John Protevi

John Protevi

Professor, Phyllis M. Taylor Professor of French Studies

Ph.D.: Loyola University Chicago, 1990

Phone: (225) 578-6664 
Office: 408 Hodges


John Protevi received his Ph.D. in philosophy from Loyola University Chicago in 1990. A long-time member of the faculty in French Studies at LSU, he was named Phyllis M. Taylor Professor of French Studies in 2011. In 2012 he also became Professor of Philosophy with teaching duties in the Department of Philosophy and Religious Studies.

Areas of Interest

Professor Protevi teaches courses primarily in contemporary French philosophy (Foucault and Deleuze) and plans to offer courses in philosophy of mind and philosophy of biology.
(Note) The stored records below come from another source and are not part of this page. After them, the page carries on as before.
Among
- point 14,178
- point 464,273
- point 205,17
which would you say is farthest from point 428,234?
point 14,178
His research focuses on the intersections of dynamical systems theory; the cognitive, life, and earth sciences; and contemporary French philosophy.

Courses Offered:

  • FREN 7410 Contemporary French Thought
  • HNRS 2013 Evolution and Biology of Morality
  • PHIL 2035 History of Modern Philosophy

Awards and Honors

  • Distinguished Visiting Professor, Institute for the Arts and Humanities, Pennsylvania State University, 2015
  • LSU Distinguished Faculty Award, 2013
  • Scots Philosophical Club, Centenary Fellow, University of Dundee, Fall 2012
  • LSU College of HSS Manship Summer Research Grant, July 2011
  • LSU Council on Research Summer Research Stipend, July 2004 

Selected Publications

  • Edges of the State (Minnesota, 2019)
  • Life, War, Earth: Deleuze and the Sciences (Minnesota, 2013)
  • Political Affect: Connecting the Social and the Somatic (Minnesota, 2009)
  • Editor, Edinburgh Dictionary of Continental Philosophy (Edinburgh, 2005); North American edition, A Dictionary of Continental Philosophy (Yale, 2006)
  • “Semantic, Pragmatic, and Affective Enactment at Occupy Wall Street.” Theory & Event 14.4 Supplement.
  • “Mind in Life, Mind in Process: Toward a New Transcendental Aesthetic and a New Question of Panpsychism.” Journal of Consciousness Studies 18.5-6 (2011): 94-116.
  • “Adding Deleuze to the Mix.” Phenomenology and the Cognitive Sciences 9.3 (September 2010): 417-436.